Required work: Please transcribe the data below in full. Omit any picture you find in it.
────────
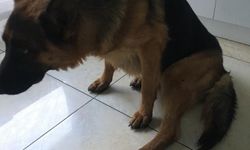 Kayıp köpek “hera”, yaralı halde bulundu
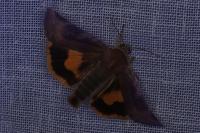 Noctua janthe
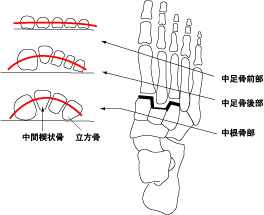 足の構造と機能 足の専門外来より 吉野整形外科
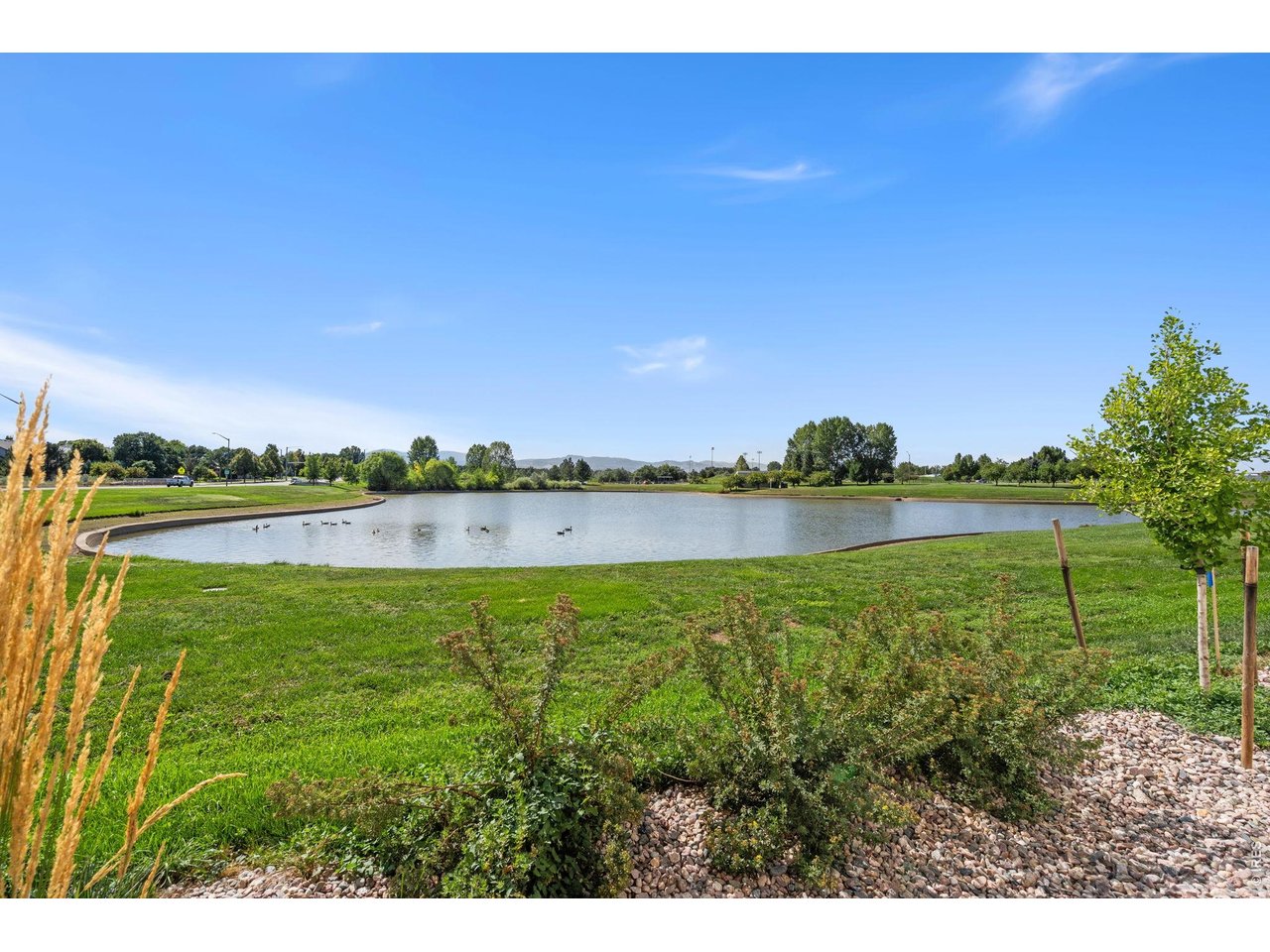 This could be your next door neighbor!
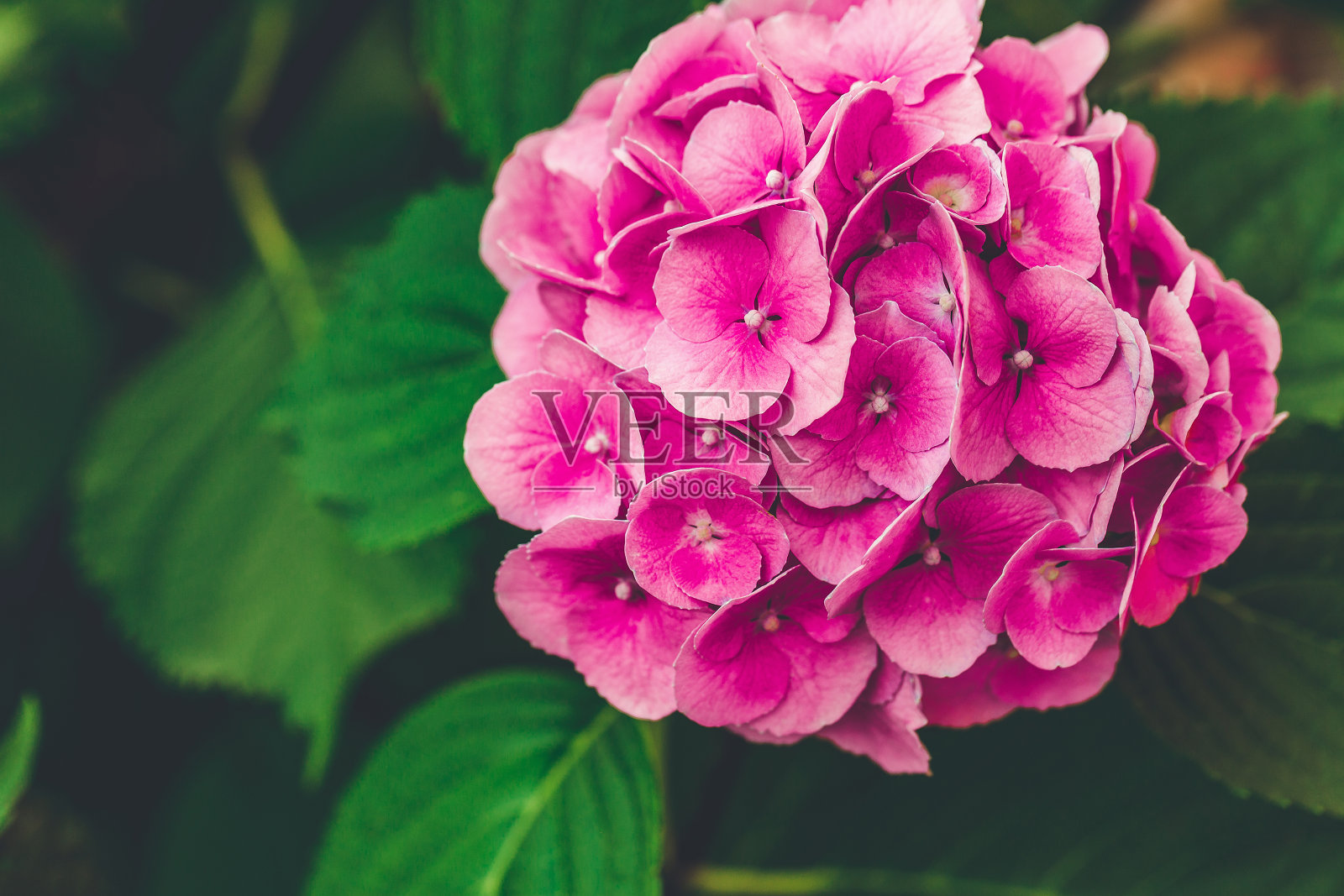 花园里盛开的粉红色绣球花或hortensia照片摄影图片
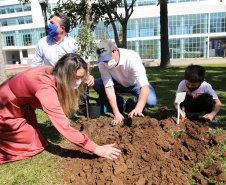 O Governador Carlos Massa Ratinho Junior participa nesta sexta-feira (28), da campanha Floresce Paraná, em comemoração ao Dia Nacional do Voluntariado. A ação é liderada pela primeira-dama do Estado e presidente do Conselho de Ação Solidária, Luciana Saito Massa. Acompanhados do secretário do Desenvolvimento Sustentável e do Turismo, Marcio Nunes.     Curitiba, 28/08/2020. Foto: Geraldo Bubniak/AEN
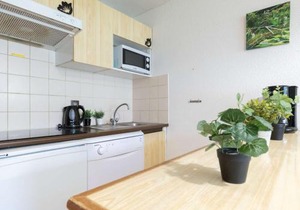 Appartement 8 personnes avec balcon sud, navette télécabine à proximité, Saint-Lary-Soulan - FR-1-296-388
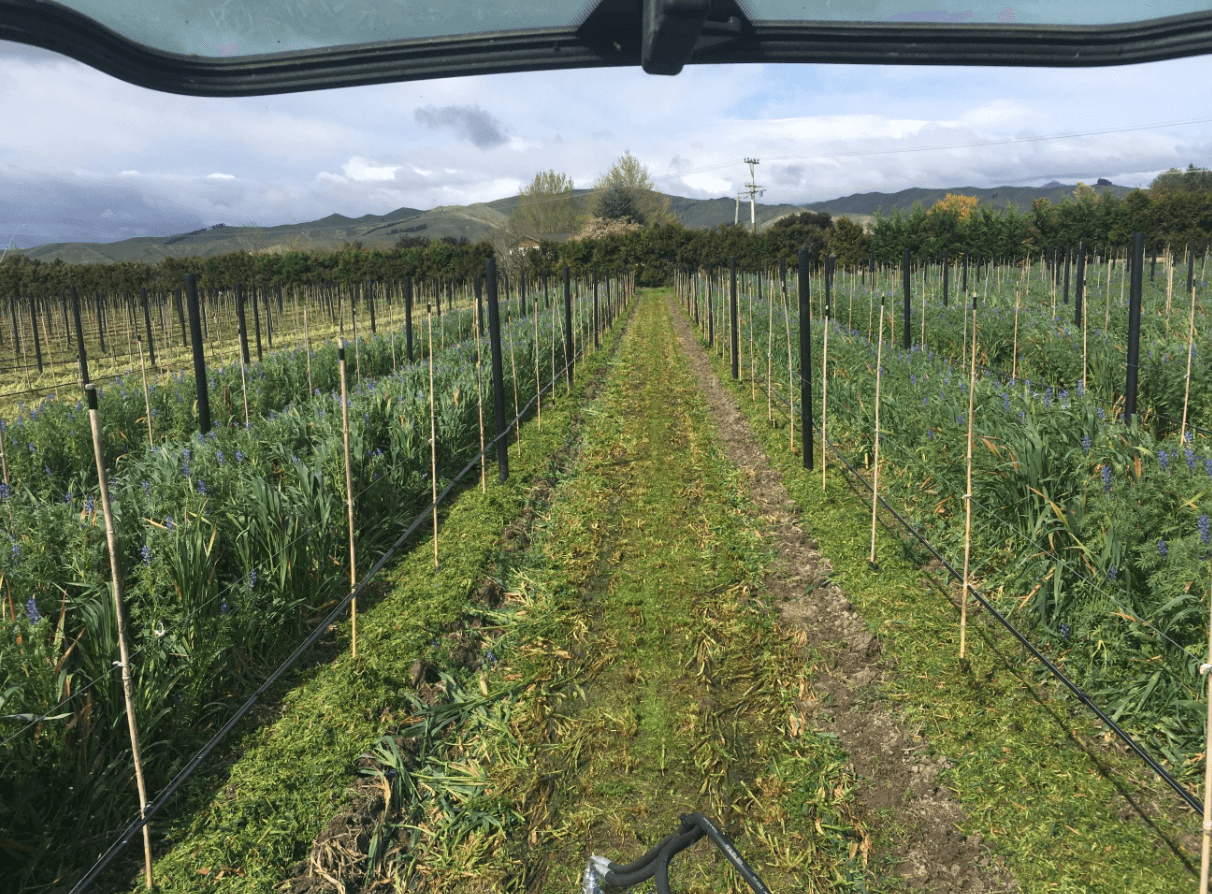 Organic Viticulture, Horticulture, Nelson, Marlborough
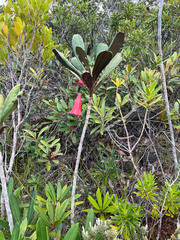 Thiollierea macrophylla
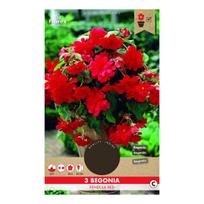 Svogūninės gėlės begonija Pendula Red, 5/6, 3 vnt.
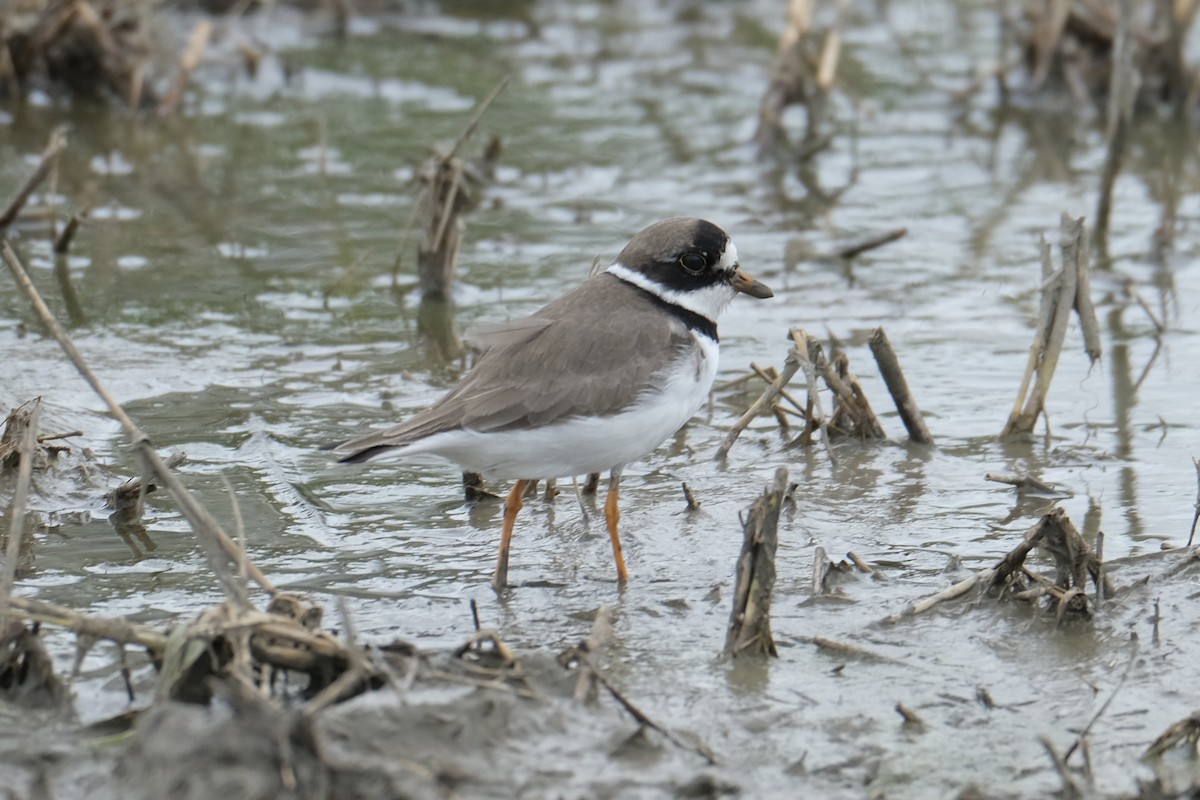 Semipalmated Plover - ML618838149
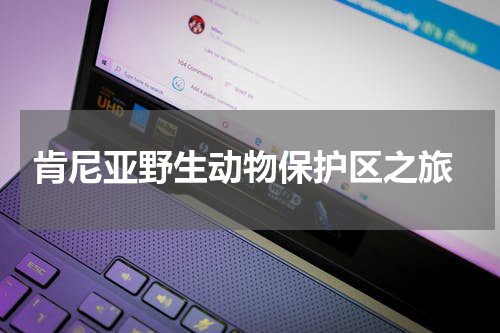  肯尼亚野生动物保护区之旅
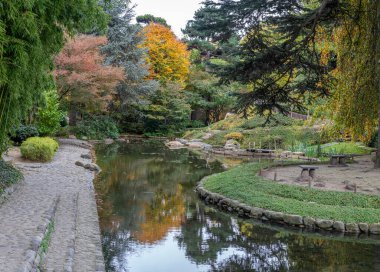 Boulogne-Billancourt, Fransa - 112 2024: Albert Kahn 'ın bahçesi. Koi göletinin panoramik manzarası, renkli ağaçlar ve sonbaharda Japon bahçesindeki kırmızı akçaağaç yaprakları.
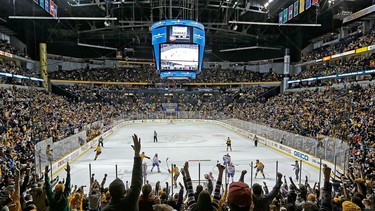 The Predators have become an important factor in Nashville's tourism industry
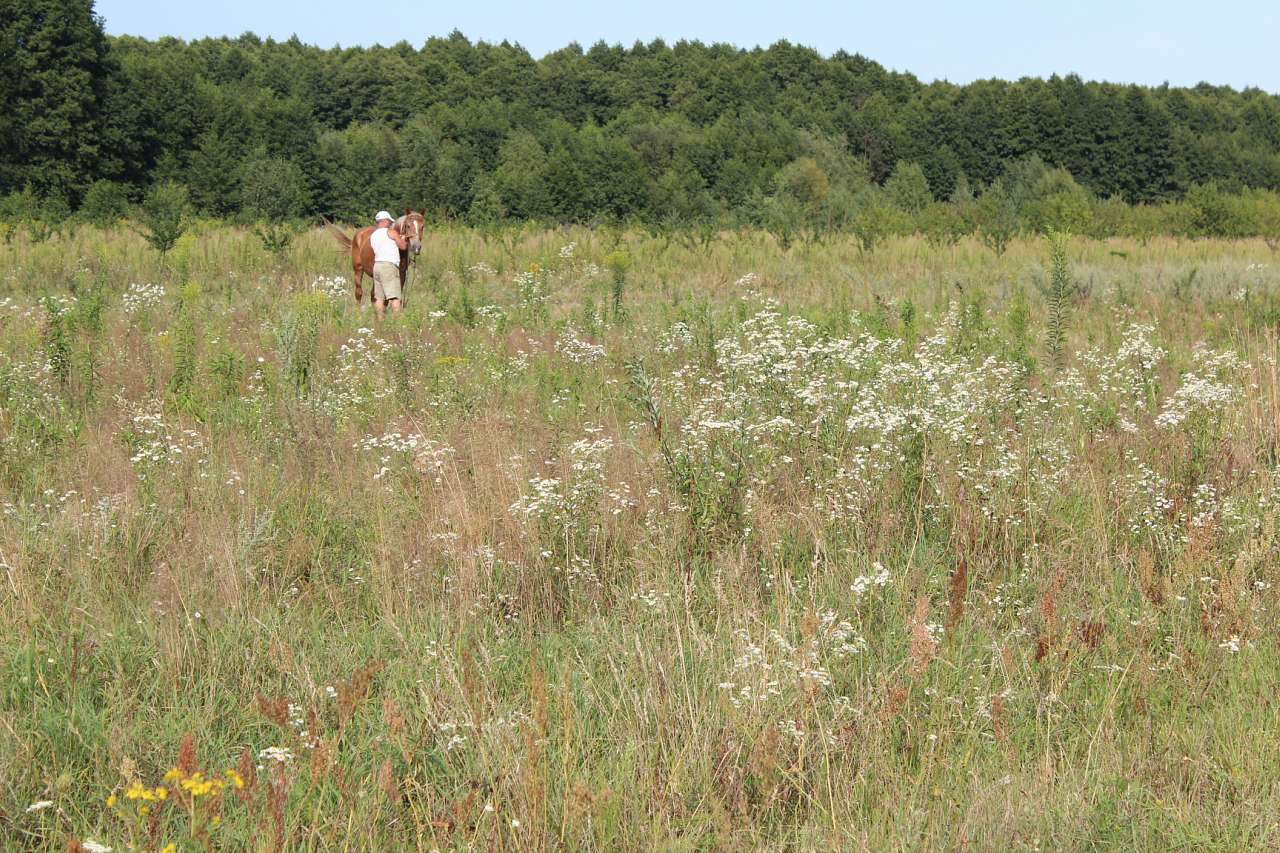 Наше село - Краска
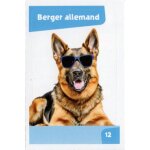 Autocollant sticker image spa, nos amies les b�tes : 12 - chien berger allemand / cora match 2024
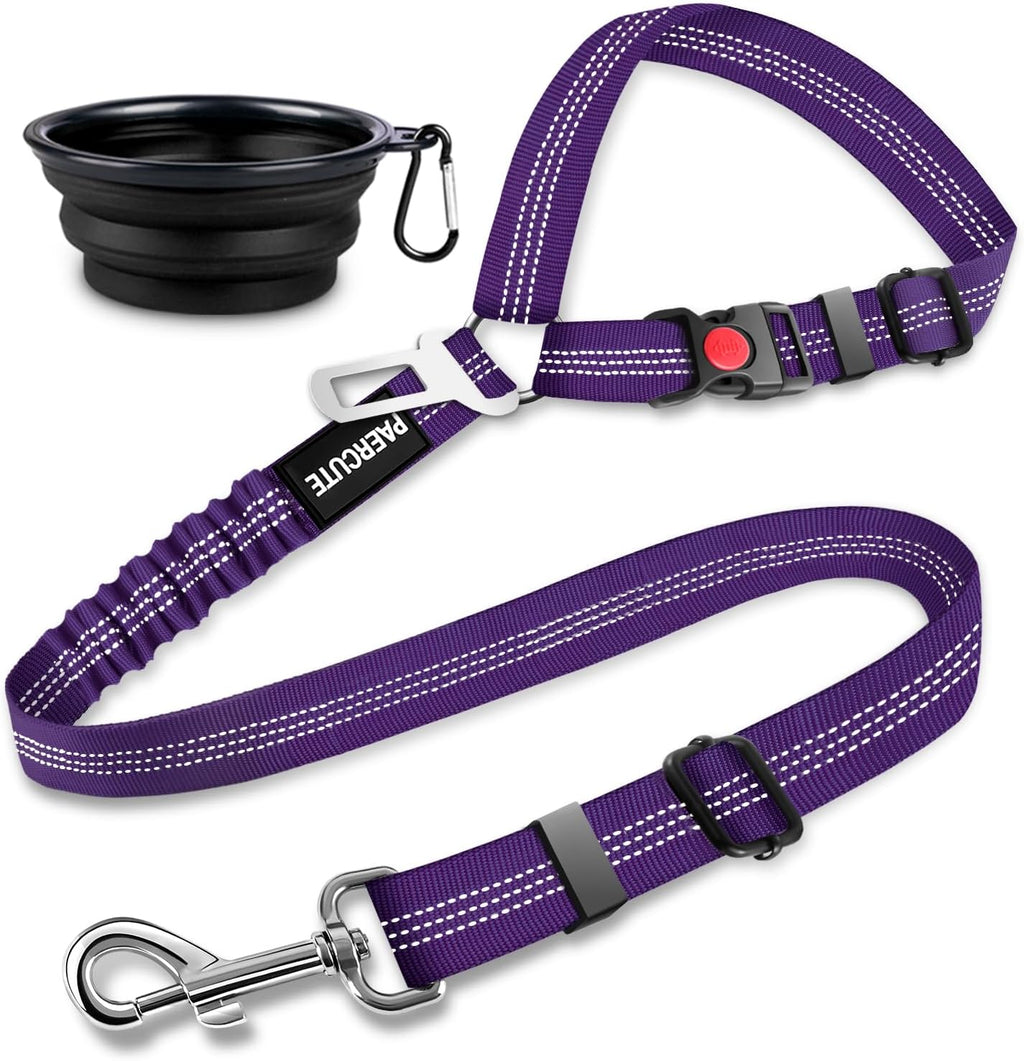 Paercute dog safety lead showing adjustable length mechanism
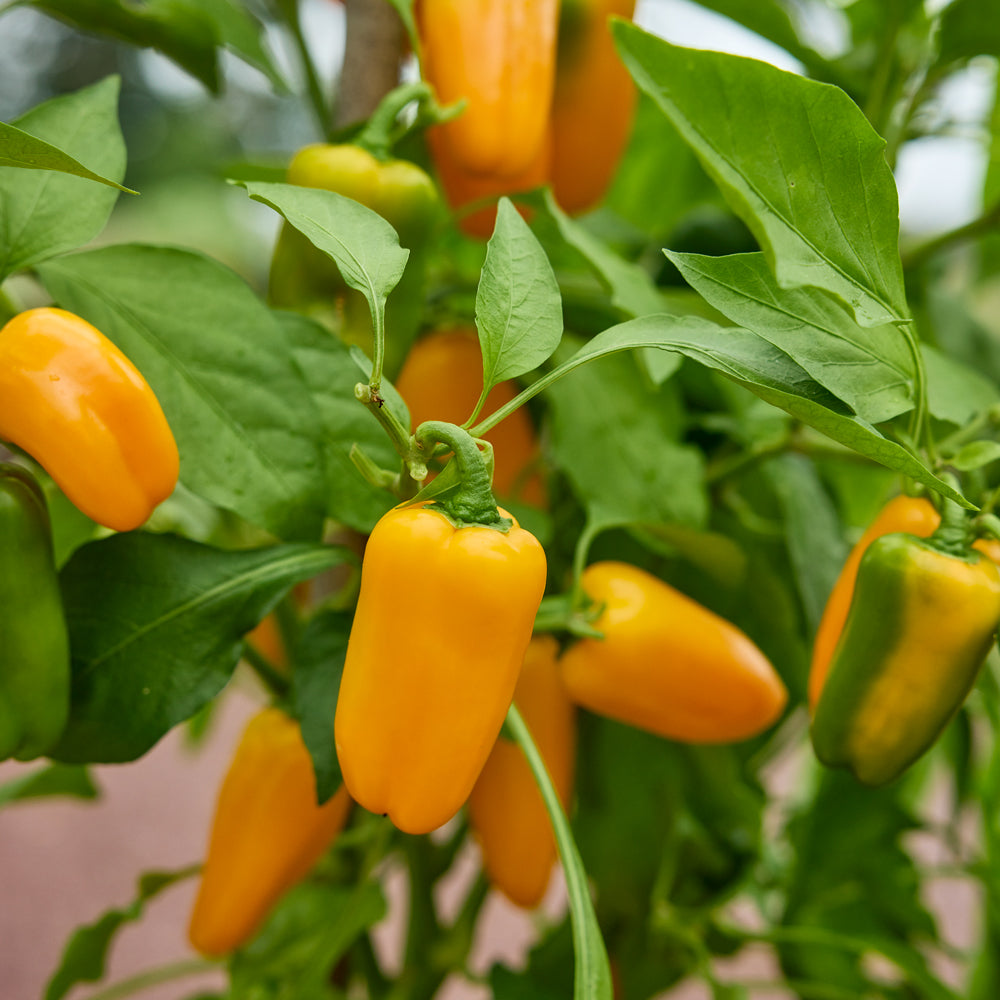 Yellow Pop Sweet Pepper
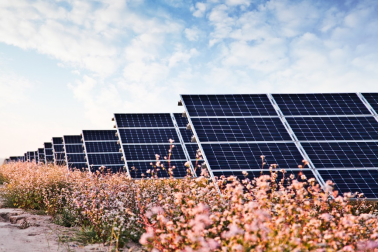 中國華能的“高性價(jià)比”光伏電站，妙招在這里！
────────
Output of the task:
 Kayıp köpek “hera”, yaralı halde bulundu
 Noctua janthe
 足の構造と機能 足の専門外来より 吉野整形外科
 This could be your next door neighbor!
 花园里盛开的粉红色绣球花或hortensia照片摄影图片
 O Governador Carlos Massa Ratinho Junior participa nesta sexta-feira (28), da campanha Floresce Paraná, em comemoração ao Dia Nacional do Voluntariado. A ação é liderada pela primeira-dama do Estado e presidente do Conselho de Ação Solidária, Luciana Saito Massa. Acompanhados do secretário do Desenvolvimento Sustentável e do Turismo, Marcio Nunes.     Curitiba, 28/08/2020. Foto: Geraldo Bubniak/AEN
 Appartement 8 personnes avec balcon sud, navette télécabine à proximité, Saint-Lary-Soulan - FR-1-296-388
 Organic Viticulture, Horticulture, Nelson, Marlborough
 Thiollierea macrophylla
 Svogūninės gėlės begonija Pendula Red, 5/6, 3 vnt.
 Semipalmated Plover - ML618838149
  肯尼亚野生动物保护区之旅
 Boulogne-Billancourt, Fransa - 112 2024: Albert Kahn 'ın bahçesi. Koi göletinin panoramik manzarası, renkli ağaçlar ve sonbaharda Japon bahçesindeki kırmızı akçaağaç yaprakları.
 The Predators have become an important factor in Nashville's tourism industry
 Наше село - Краска
 Autocollant sticker image spa, nos amies les b�tes : 12 - chien berger allemand / cora match 2024
 Paercute dog safety lead showing adjustable length mechanism
 Yellow Pop Sweet Pepper
 中國華能的“高性價(jià)比”光伏電站，妙招在這里！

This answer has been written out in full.